Nik Gowing, Journalist, BBC World News
Nik Gowing has been a main presenter for the BBC’s international 24-hour news channel BBC World News, since 1996, where he presents The Hub with Nik Gowing, chairs BBC debates and presents location coverage of major international events. Earlier this year he visited Australia to give a series of talks to government officials, academic bodies and corporates on his study “Skyful of Lies and Black Swans.”
Your study looks at how institutions of power such as governments, the military and big corporations are being challenged by a new media environment, what did you find?
The public information space has been turned on its head in a very short space of time by the amazing digital environment that so many of us now carry in our pockets – the smartphone. Governments and corporate bodies now have far less power than they assume. Ultimately it’s about a new vulnerability, fragility and brittleness of power. There are billions of people out there who are watching and now reporting what they see and hear. In moments of crisis, whether they are in Christchurch during an earthquake or in North Africa during the Arab Spring, they are coming together to create new digital communities that demand accountability and challenge the status quo. It’s something that we take for granted now but what we are seeing is an inability of those in positions of power to understand how profoundly the information space has changed and how vulnerable that makes them.
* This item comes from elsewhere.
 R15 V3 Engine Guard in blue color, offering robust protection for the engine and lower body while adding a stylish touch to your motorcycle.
It’s not just governments, like those in Libya, Egypt and Tunisia who find themselves forced out. Tony Hayward, former CEO of BP, had to resign over his handling of the Gulf oil spill and the public response to it. He has since said that he didn’t understand the media space – at the time of the spill 22% of the social media space was taken up by the crisis. Information now flows so fast, it is hard for governments and corporates to respond quickly enough and that creates a deficit in legitimacy. If the average person with a smartphone can see information there, they question why they are not hearing it from the government or CEO. This is one of the fundamental basics that companies are failing to realise – the importance of getting information out extremely quickly.
With the vast amount of information available, how do people know what is right and what is wrong?
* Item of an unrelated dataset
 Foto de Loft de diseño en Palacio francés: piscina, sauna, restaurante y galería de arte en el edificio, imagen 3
That’s what good journalism is all about – we are about mediating and filtering. During the uprisings in Libya and Syria we received a lot of video that we didn’t use because we couldn’t verify it. There are lots of myths which emerge in the new media space which are partly due to the instant nature of the information. For example, the Tunisia uprising was said to have been sparked by a Mohamed Bouazizi who set fire to himself because his vegetable stall had been moved. Actually it was because he had spilt lighter fuel on himself and then had lit a cigarette. It’s the tyranny of real time information but it’s also fantastically empowering. The speed and volume of exchange can force good governance in India or expose a government cover-up of a train crash in China.
So how do journalistic organisations like BBC World News filter out the misinformation from the truth on such a short time-line?
By getting on the phone and checking. By finding two sources. It may take time and it may mean that we are not always first, but it’s better to have something right.